I Crypto U and your files

lcs Mixmaster Remailer mix at anon.lcs.mit.edu
Thu Dec 26 19:20:04 PST 2002


Blah blah blah wrote...

(Begin quote)
"The down side is the concern that they will be doing something unusual. Since there is no mass use of PGP, crypto users do stand out - all 23,000 of us regular users worldwide are well mapped, charted and identified. I don't have a good answer for this. What novice users really want is ANONYMOUS use of crypto, so that they don't raise flags. Then I have to explain about anonymous remailers, whose reliability is nowhere near regular smtp e-mail. The only remaining option is use of public-access internet terminals."
(End quote)

A point I was harping on a few weeks ago (but that seems to have been largely overlooked), is that if the amount of traffic that is encrypted rises exponentially, then those red flags will mean very little (I remember Homer Simpson designing a car and saying: "You know those little balls you put on your antenna to find your car in the mall parking lot? Every car should have one!").
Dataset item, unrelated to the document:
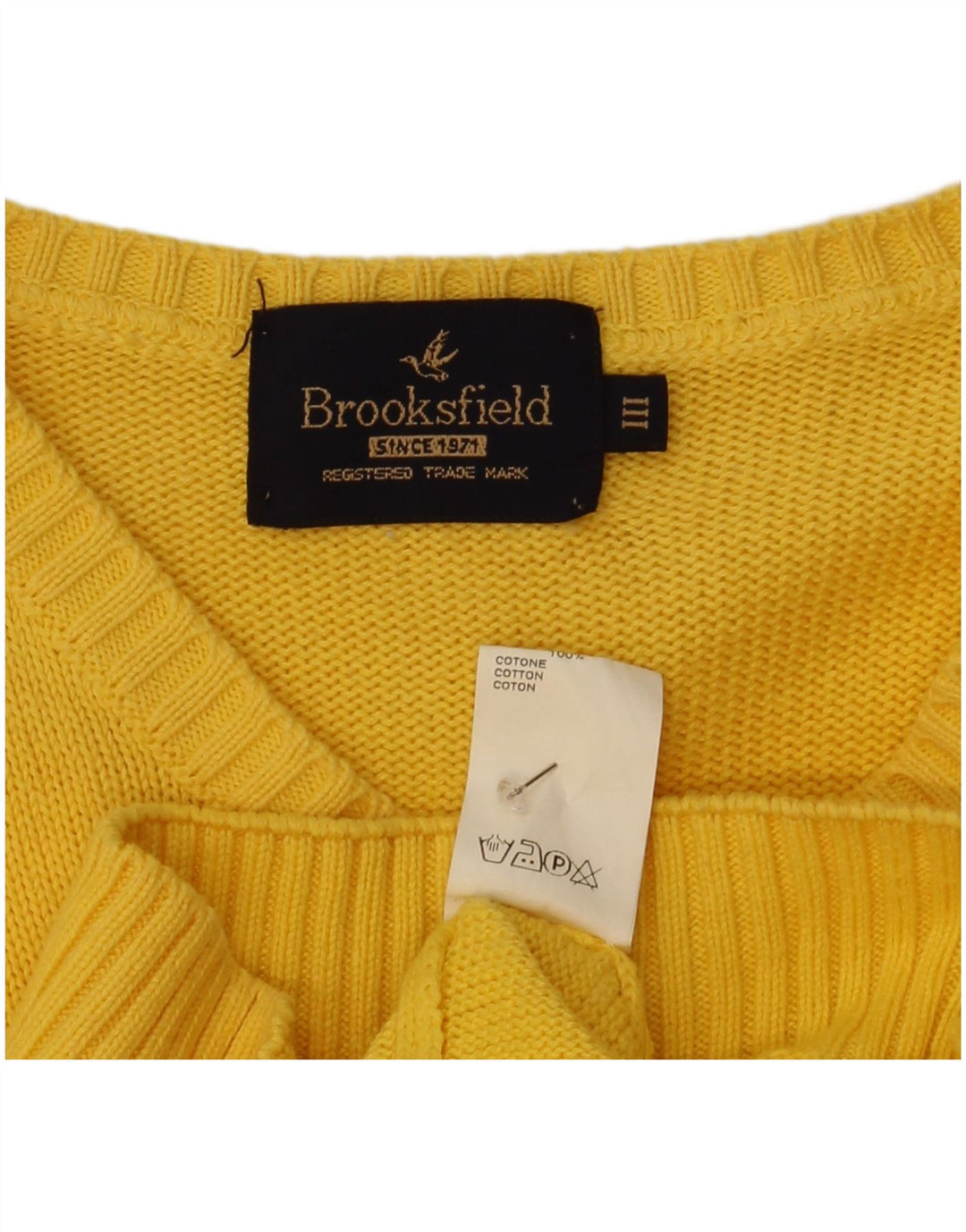 Brooksfield Herren-Pullover mit V-Ausschnitt aus mittelgelber Baumwolle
One leverage point for possibly encouraging this to happen is in P2P, methinks. A few power-users have been prosecuted recently, so imagine a nice little crypto-tunnel (and mp3 disc-encryptor) app that could easily be injected into the Kazaa or other Gnutella-centric browsers. The nice thing here is that if we could get a functioning app, the app itself could be shared and spread variola-like via the P2P networks themselves.

There's the technical difficulty that someone pointed out here that the IP address of both serv-ants is visible. One possible go-around is to have an encrypted tunnel materialize through blacknet, but I strongly doubt this will scale to millions of users very well.

Another possibility includes allowing the user to make only a portion of their content visible to any single user (plus crypto of course), the logic being that 'they' won't come after the millions of regular file sharers.

Any thoughts? If we could develop such an app and roll it over into the file-sharing networks, then the amount of encrypted files being moved around could increase tremendously. ANd then, us law-abiding, flag-saluting supporters of even this governments' insistence on world destabilisation will feel safer in using crypto on a daily basis, because crypto will no longer be the sole provence of cranks, kooks, and libertarians.